"I'm sorry it's turned out this way, Haviland," Aunt Felicity bellowed from the landing, "but you've well and truly botched it. All the king's horses and all the king's men couldn't put your accounts together again. I should, of course, be more than happy to rescue you from your excesses if I weren't so heavily invested in consols. There's nothing for it now but to sell those ridiculous postage stamps."
Father had drifted so silently into the hall that I had not noticed him until now. He stood, one hand holding Daffy's arm, his eyes downcast, as if he were intently studying the black and white tiles beneath his feet.
"Thank you for coming, Felicity," he said quietly, without looking up. "It was most kind of you."
I wanted to swat the woman's face!
I had actually taken half a step forward before a firm hand fell on my shoulder, stopping me in my tracks.
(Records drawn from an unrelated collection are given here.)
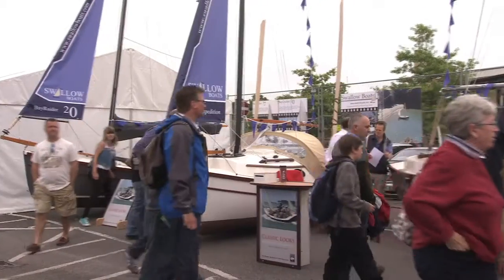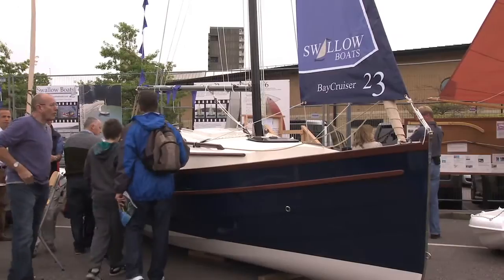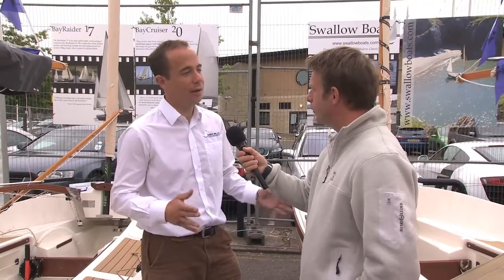Now you've got a range of three boats here. You were telling me that these boats are made in Wales. Yes, we make them all in Cardigan on the west coast of Wales, and this is an important show for us because it's a real shop window 250 miles away from where we actually make them, but this is obviously the main sailing area of the UK.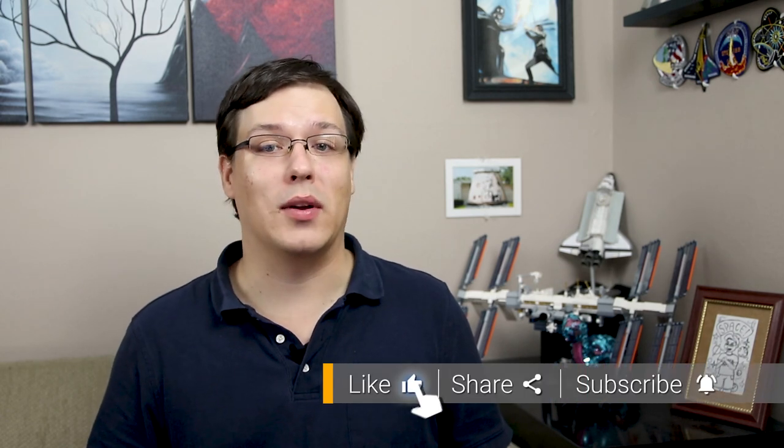But first, be sure to give this video a like and subscribe to the channel if you haven't already. Now let's get right into it.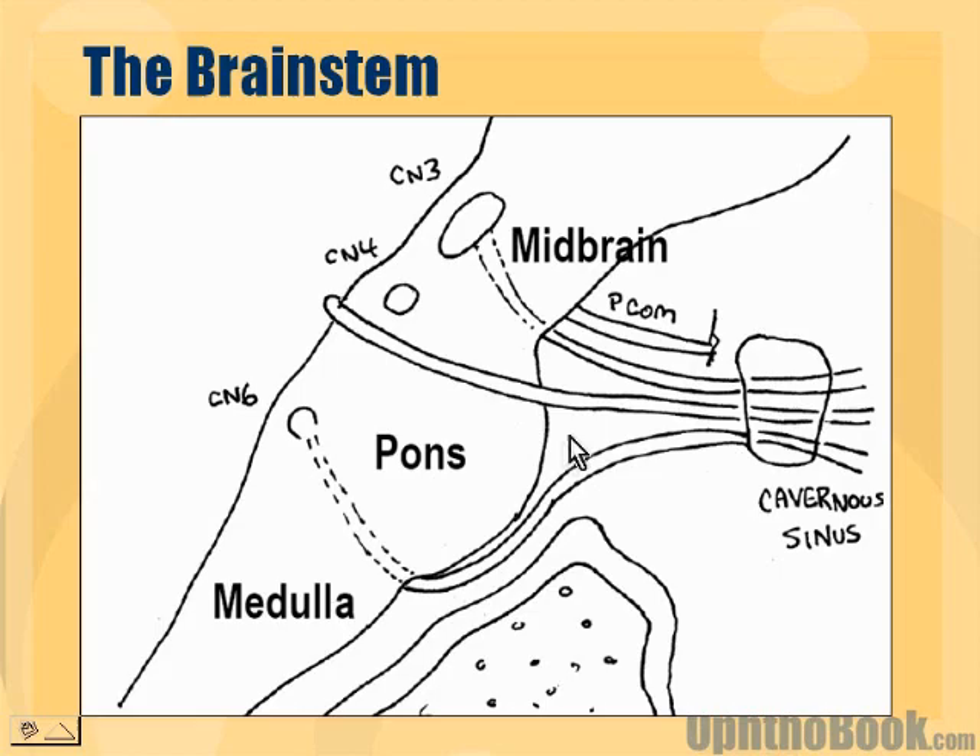One theory is that something about this turn — cranial nerve 6 has to go way up and then turn suddenly, an almost 90-degree angle. Maybe there's something about this turn that is very susceptible to pressure. Maybe pressure pushes the brain around. But something about this turn is one theory why high pressure seems to hit cranial nerve 6.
It was Dogger.
"Will there be anything else, Miss Felicity?" he asked.
"No, thank you, Dogger," she said, rummaging in her reticule with two fingers. From its depths, like a stork pulling a fish from a pond, she extracted what looked like a shilling and handed it to him with a sigh.
"Thank you, miss," he said, pocketing the insult with ease--and without looking at it--as if it were something he did every day.
And with that Aunt Felicity was gone. A moment later, Father had stepped into the shadows of the great hall, followed closely by Daffy and Feely, and Dogger had vanished without a word into his little corridor behind the stairs.
It was like one of those electric moments just before the final curtain in a West End play: that moment when all the supporting characters have faded into the wings, leaving the heroine alone at center stage to deliver her magnificent closing line to a silent house that awaited her words with bated breath.
"Bloody hell!" I said, and stepped outdoors for a breath of fresh air.
On the one hand, I knew, I would never be like Aunt Felicity, but on the other, would I ever become like Harriet? Eight years after her death, Harriet was still as much a part of me as my toenails, although that's probably not the best way of putting it.
I read the books that she had owned, rode her bicycle, sat in her Rolls-Royce; Father had once, in a distracted moment, called me by her name. Even Aunt Felicity had put aside her gorgon manner long enough to tell me how much like Harriet I was.
But had she meant it as a compliment? Or a warning?
Most of the time I felt like an imposter; a changeling; a sackcloth-and-ashes stand-in for that golden girl who had been snatched up by Fate and dashed down a mountainside in an impossibly distant land. Everyone, it seemed, would be so much happier if Harriet were brought back to life and I were done away with.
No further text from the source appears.